Monday, 31 May 2010

Tate Britain: Chris Ofili Exhibition



I firstly heard his name because he is one of the most famous alumni of Chelsea.He studied Fine Art at Chelsea School of Art during 1988-1991 then he continued his Masters at Royal College of Art. I can not say I like his works because he's not particularly my type of artist. But looking into his paintings the elements of his early works are really interesting.



Blossom, 1997, Private Collection, all images: © Chris Ofili

While there is much humour in these early works (one of his Captain Shit paintings, featuring a comic book funk superstar, is in the Tate Briain show, as well as Pimpin’ Ain’t Easy, a painting of a giant phallus adorned with a clown face), Ofili didn’t shy away from the politics of race at the time.

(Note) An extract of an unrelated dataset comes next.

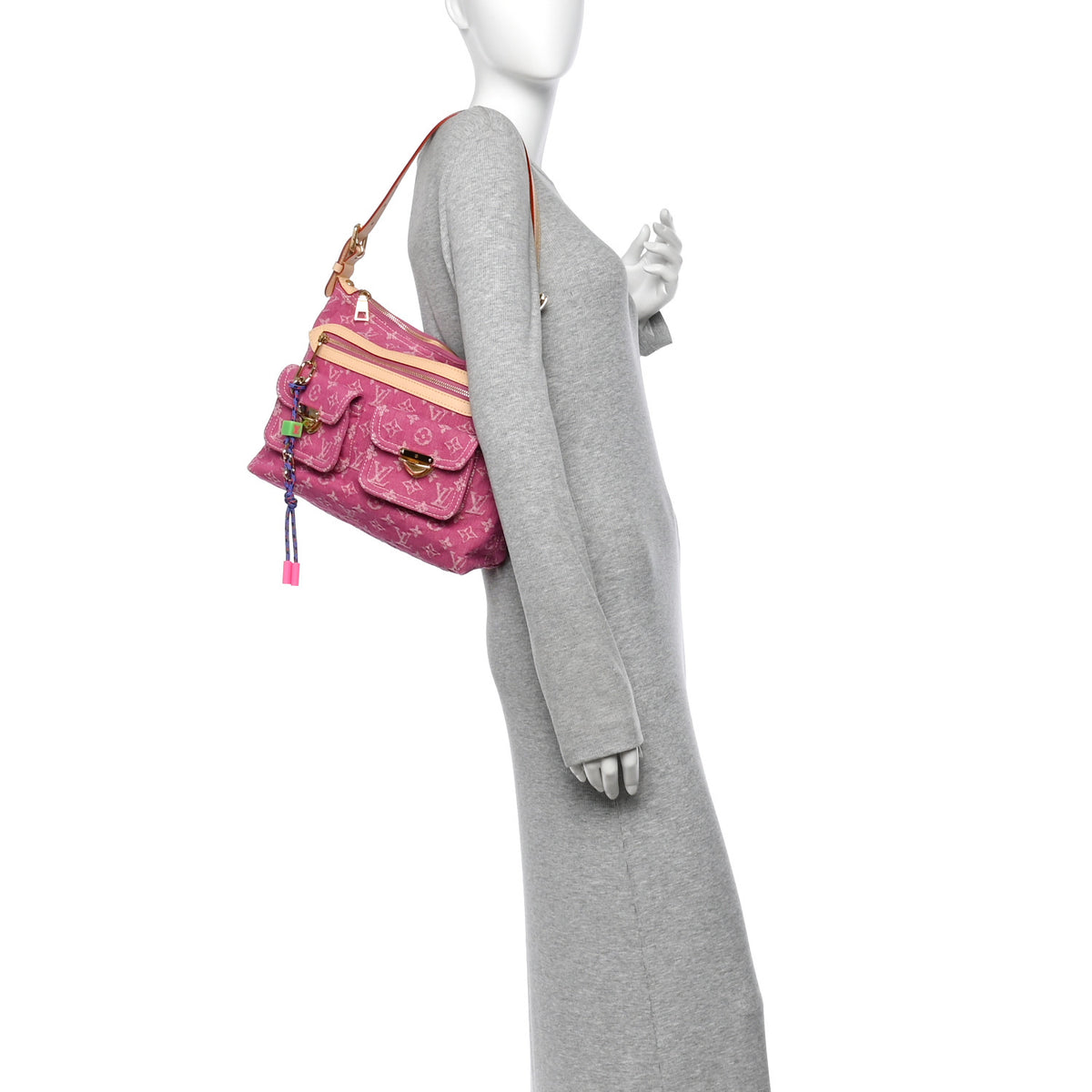 Monogram Denim Baggy NM Fuchsia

His work No Woman No Cry, a portrait of murdered teenager Stephen Lawrence’s mother Doreen, which includes small photos of her son in the teardrops that spill down her face, remains deeply poignant today. His depiction of women in these works is ambiguous however, with explicit porn imagery shown next to more respectful, and beautiful, images of women such as Blossom (shown top). Ofili’s use of porn imagery, which he says was a direct response to living in King’s Cross in London where he witnessed the street life of prostitutes and pimps, reached its zenith of controversy back in 1999 when Mayor Giuliani complained about his depiction of the Virgin Mary in a painting included in the Sensation exhibition that was showing at the Brooklyn Museum in New York. Guiliani threatened to withdraw funding from the Museum for exhibiting the painting, which depicted a black African Mary surrounded by pornographic imagery.

Speaking of the conflicting imagery in his work in an interview with Parkett magazine in 2000, Ofili commented: “It’s about the way the black woman is talked about in hip-hop music. It’s about my religious upbringing, and confusion about that situation. The contradiction of a virgin mother. It’s about the stereotyping of the black female… It’s about beauty. It’s about caricature. And it’s about just being confused.”